Action item: Starting at the line with "Vista 3 de Bissap" and ending at the line with "foster care must be improved", print exactly the lines of the entries below. Pictures do not belong in the copy.

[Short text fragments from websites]
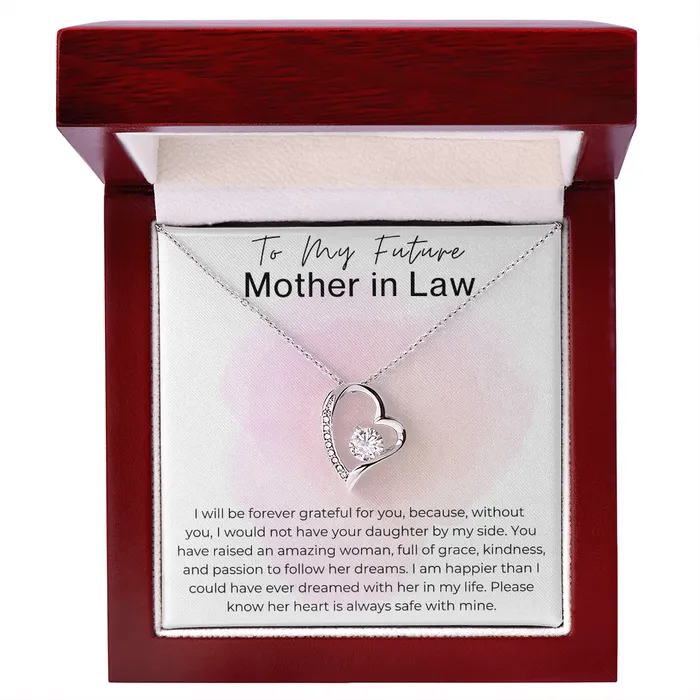 Necklaces ShineOn Fulfillment Forever Grateful Gift for Future Mother in Law Heart Pendant Necklace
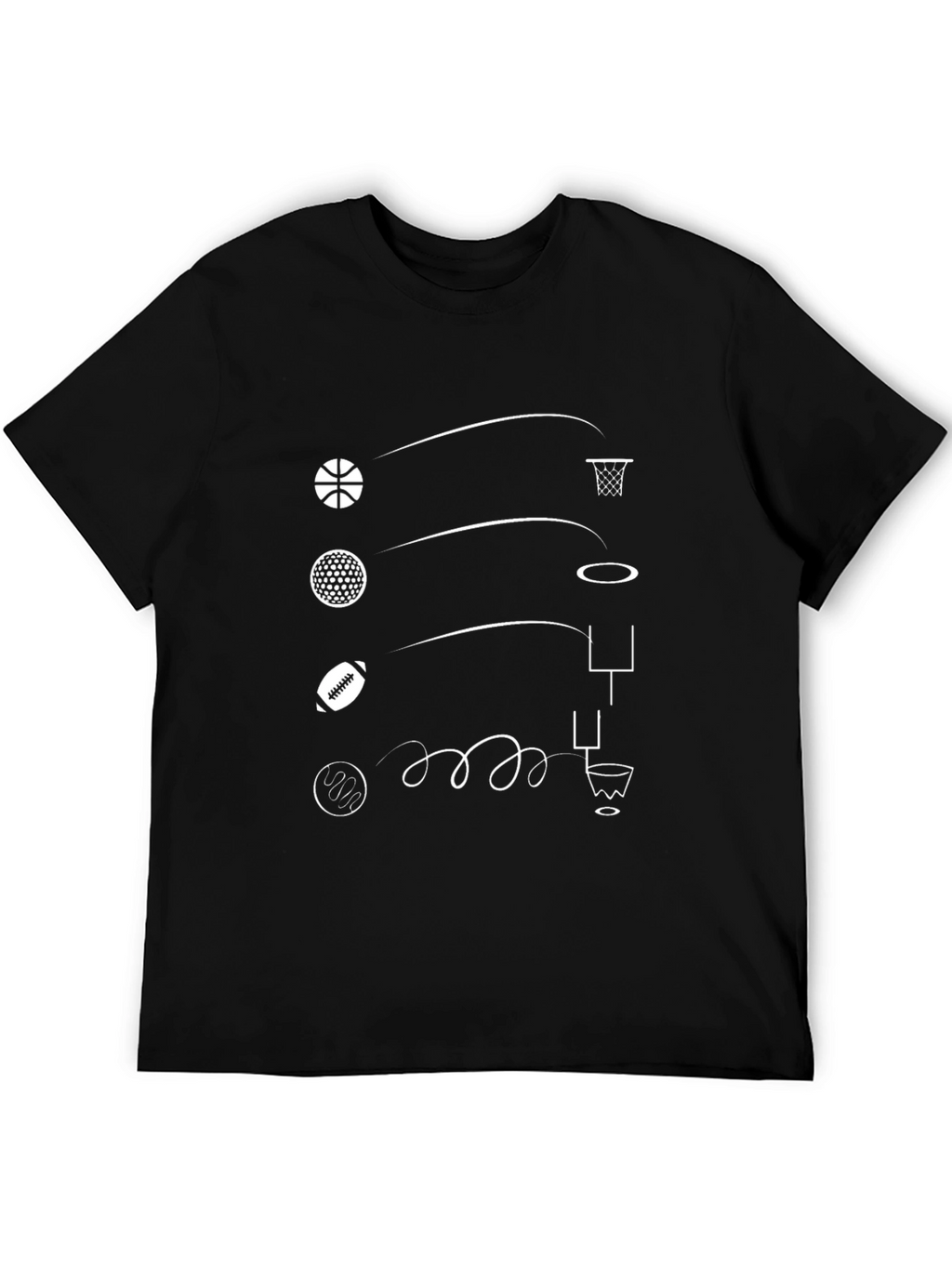 Sports Trajectory Tee - Black Graphic T-Shirt
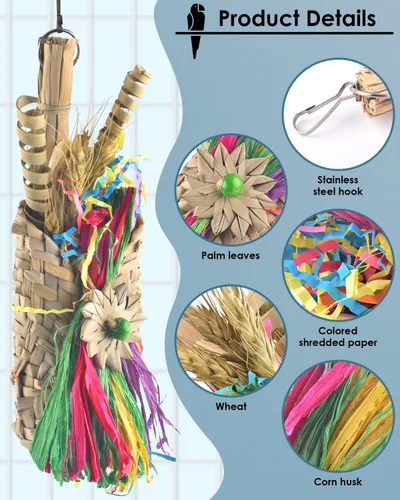 Vista 3 de Bissap Juguetes para masticar pájaros, trituradora de forrajería de loros, bolsa tejida con palmera natural, jaula colgante de juguete con golosinas
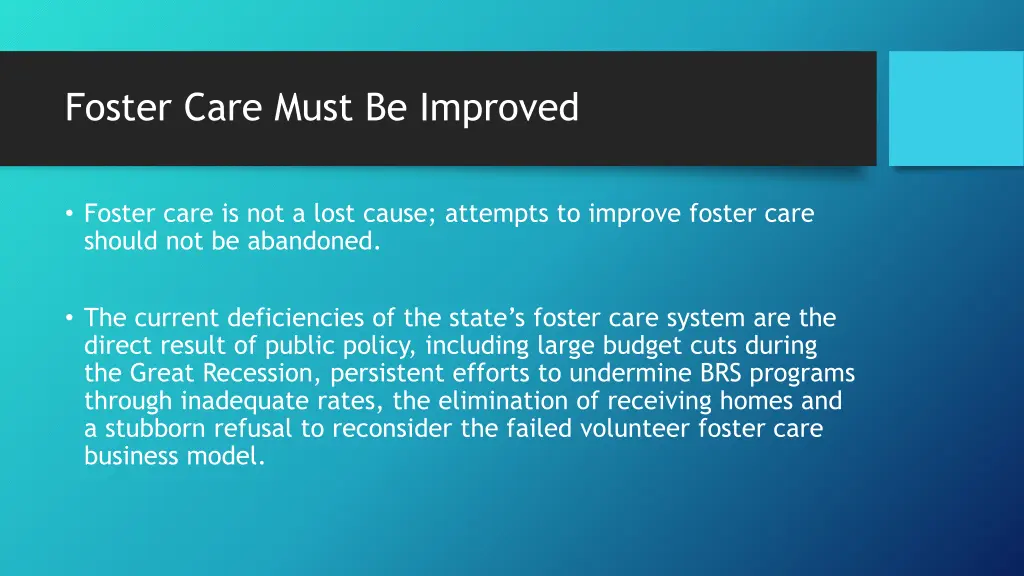 foster care must be improved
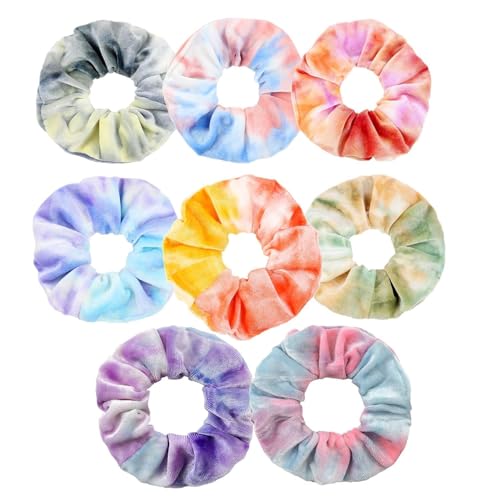 8 Stück Samt-Haargummis, Regenbogen-Haarbänder, weiche Premium-Haargummis für Damen, elastische Pferdeschwanz-Halter, Batikfärbung, Haarschmuck für Mädchen und Frauen 8 Stück Samt-Haargummis, Regenbogen-Haarbänder, weiche Premium-Haargummis für Damen, elastische Pferdeschwanz-Halter, Batikfärbung, Haarschmuck für Mädchen und Frauen von hnswwgew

Finished exercise:
 Vista 3 de Bissap Juguetes para masticar pájaros, trituradora de forrajería de loros, bolsa tejida con palmera natural, jaula colgante de juguete con golosinas
 foster care must be improved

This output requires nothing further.